Esra Y’nin ağabeyi Ömer Y, yıllardır adaletsiz bir durumla karşı karşıya kaldıklarını belirterek “Ben annemi ve kız kardeşimi kaybettim. Yaşadığımız bunca acı ve köyde bize yapılan bu baskılara rağmen hep adalet yolunu gözledik. Sırf arkamızda adalet olduğu ve teşekkür ettiğim için dışarı çıkarıldım. Eğer ben kız kardeşimin hakkını savunamayacaksam vefat eden kardeşimin hakkını kim burada savunacak. Ama adalet işte… 42 yıl hapis cezası verdiği halde, bugün beraat kararı verildi. Biz bu adaletin bu kadar adaletsiz olduğunu bilmiyorduk. Adalete ne biz ne de kız kardeşimizin hakkını helal etmiyoruz. Tüm delillere rağmen sanıklara beraat kararı verildi. Biz sonuna kadar bu dava adalet sağlanıncaya kadar izini sürdüreceğiz” dedi.

“SANIKLARIN TUTUKSUZ YARGILANMALARI DELİLLERE ETKİ ETMİŞTİR”

Ardından konuşan ÖHD Hakkari Şube Üyesi avukat Ramazan Kurt, bu ve daha önceki mahkeme heyetlerinin sanıklardan yana tavır aldığını belirterek dava avukatlarının makul taleplerinin yargılama süresi boyunca kale alınmadığını vurguladı. Kurt, “Yüksekova Ağır Ceza Mahkemesi ve ondan önceki yargılama makamları, avukatların ve savunma makamlarının aleyhine bir tutum içerisinde olmuşlardır.

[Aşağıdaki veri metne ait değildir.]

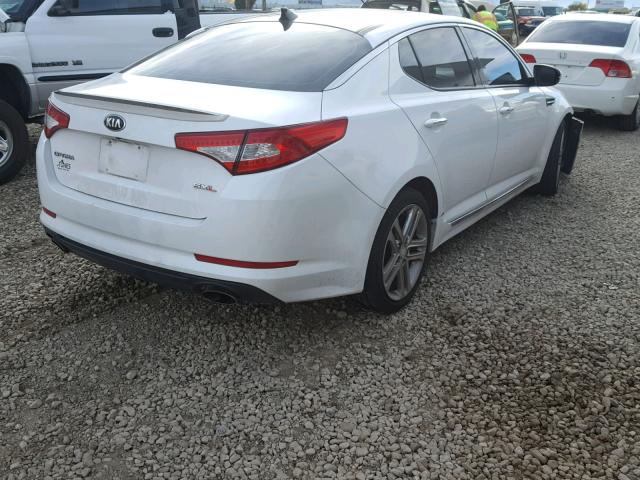 5XXGR4A65DG133095 - 2013 KIA OPTIMA SX WHITE photo 4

Mahkemeler bir yargılama makamı olmaktan çok, bir taraf olarak tavır sergilemişlerdir. Şahıslar tahliye oldukları günden bu yana dosyadaki tüm deliller üzerinde etki etmişlerdir. Aileye görüşmeler yapılarak baskı yapılmıştır. Tüm bu yaşananları bu dereceye getiren Yüksekova Ağır Ceza Mahkemesi’dir” dedi.

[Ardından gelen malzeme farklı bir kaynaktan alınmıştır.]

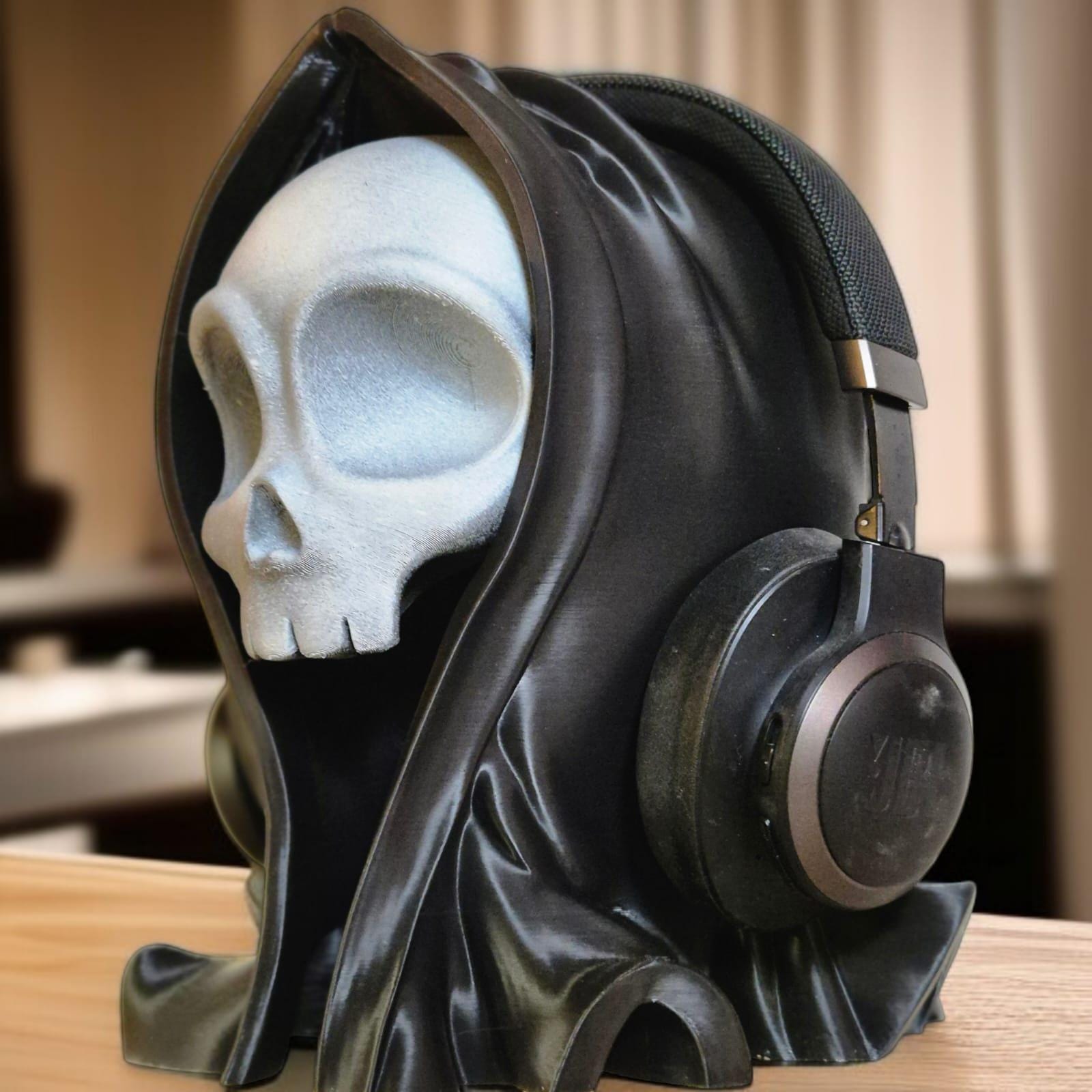 Ghost Controller Holder - Spooky and Functional Gaming Accessory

“TÜRK YARGI PRATİĞİ FAİLLERİ AKLADI”

Kurt konuşmasının devamında şu ifadeleri kullandı: “Yüksekova’da artık hiçbir insan ne sokağında, evinde ve mahallesinde güvende değil. Yargı makamı tarafından verilen bu karar kentte bir infial yaratmıştır. İnsanlar artık rahatça dolaşamayacaklarının farkındalar. Çocuklar artık okullara rahatça gidemeyeceklerinin farkına vardılar. Yüksekova Ağır Ceza Mahkemesi, yüzyıllık Türk yargı pratiği failleri aklamış ve cezalandırmayıp ödüllenmiştir. Musa Orhan’ı ödüllendiren mahkeme ve bu 3 sanığa beraat kararı veren mahkeme aynı erkek yargı yapısına aittir. 3 şahıs iyi bilsin ki biz onları halkın vicdanlarında zaten mahkûm ettik. Hiç kimse umutsuzluğa kapılmasın bugün yeniden bizim için, yeni bir başlangıç olarak kabul ediyoruz.”